_Given records_.
::::::::::
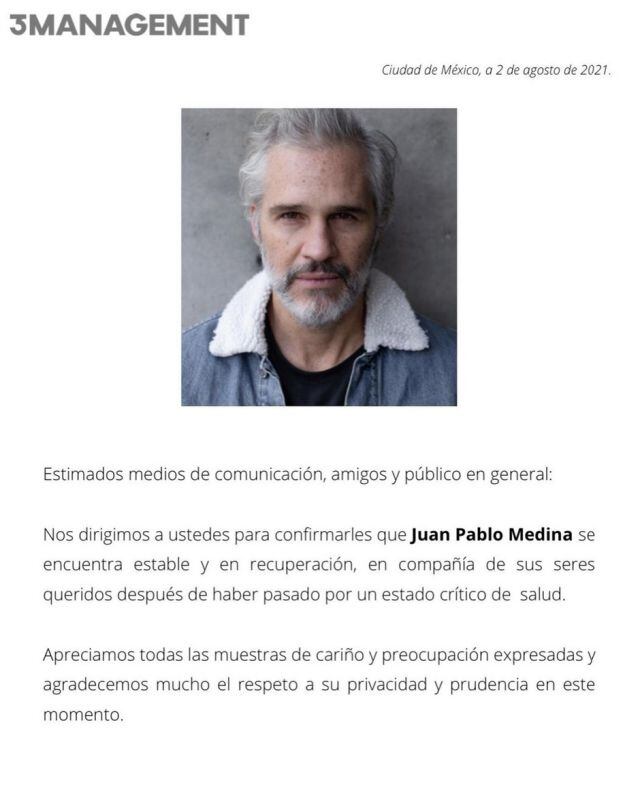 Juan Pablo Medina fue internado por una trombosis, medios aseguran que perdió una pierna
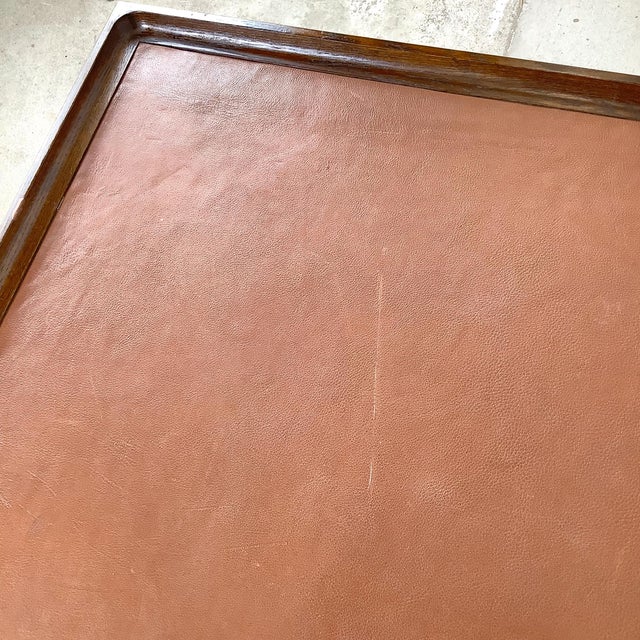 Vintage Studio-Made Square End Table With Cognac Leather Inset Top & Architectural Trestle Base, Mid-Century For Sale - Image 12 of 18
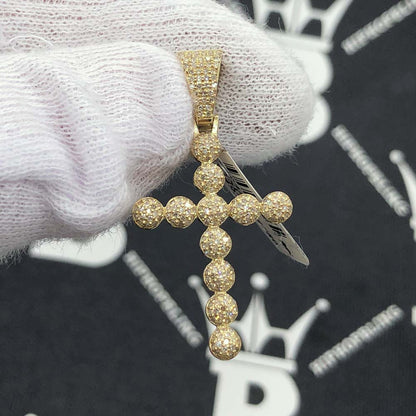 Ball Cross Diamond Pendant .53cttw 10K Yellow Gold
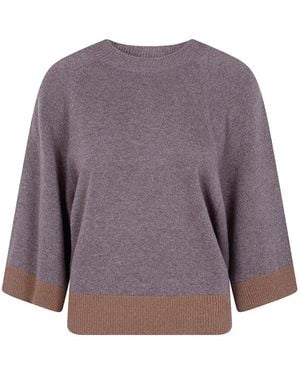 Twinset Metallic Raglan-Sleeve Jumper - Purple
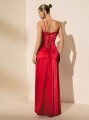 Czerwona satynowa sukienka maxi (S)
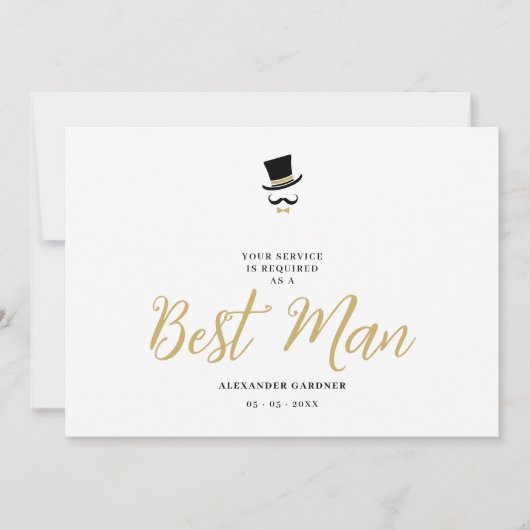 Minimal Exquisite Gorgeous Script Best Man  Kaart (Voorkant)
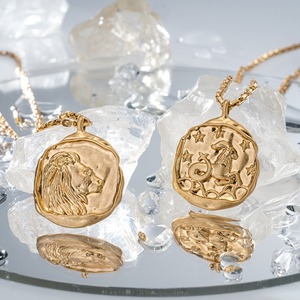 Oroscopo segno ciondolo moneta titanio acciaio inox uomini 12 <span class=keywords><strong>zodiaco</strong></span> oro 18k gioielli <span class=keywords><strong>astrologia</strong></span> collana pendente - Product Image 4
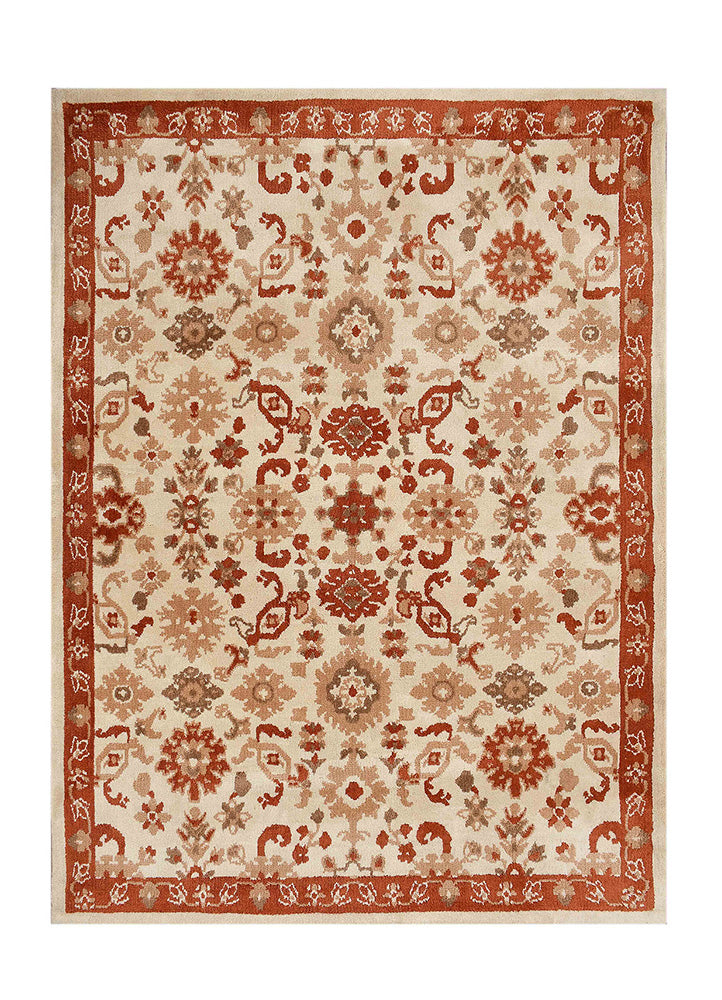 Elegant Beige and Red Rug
::::::::::
_Activity_.
Starting at the line with "Czerwona satynowa sukienka maxi (S)", output each line through the final one of the listing above, and nothing else. Pictures are to be left out.

_Finished exercise_.
 Czerwona satynowa sukienka maxi (S)
 Minimal Exquisite Gorgeous Script Best Man  Kaart (Voorkant)
 Oroscopo segno ciondolo moneta titanio acciaio inox uomini 12 <span class=keywords><strong>zodiaco</strong></span> oro 18k gioielli <span class=keywords><strong>astrologia</strong></span> collana pendente - Product Image 4
 Elegant Beige and Red Rug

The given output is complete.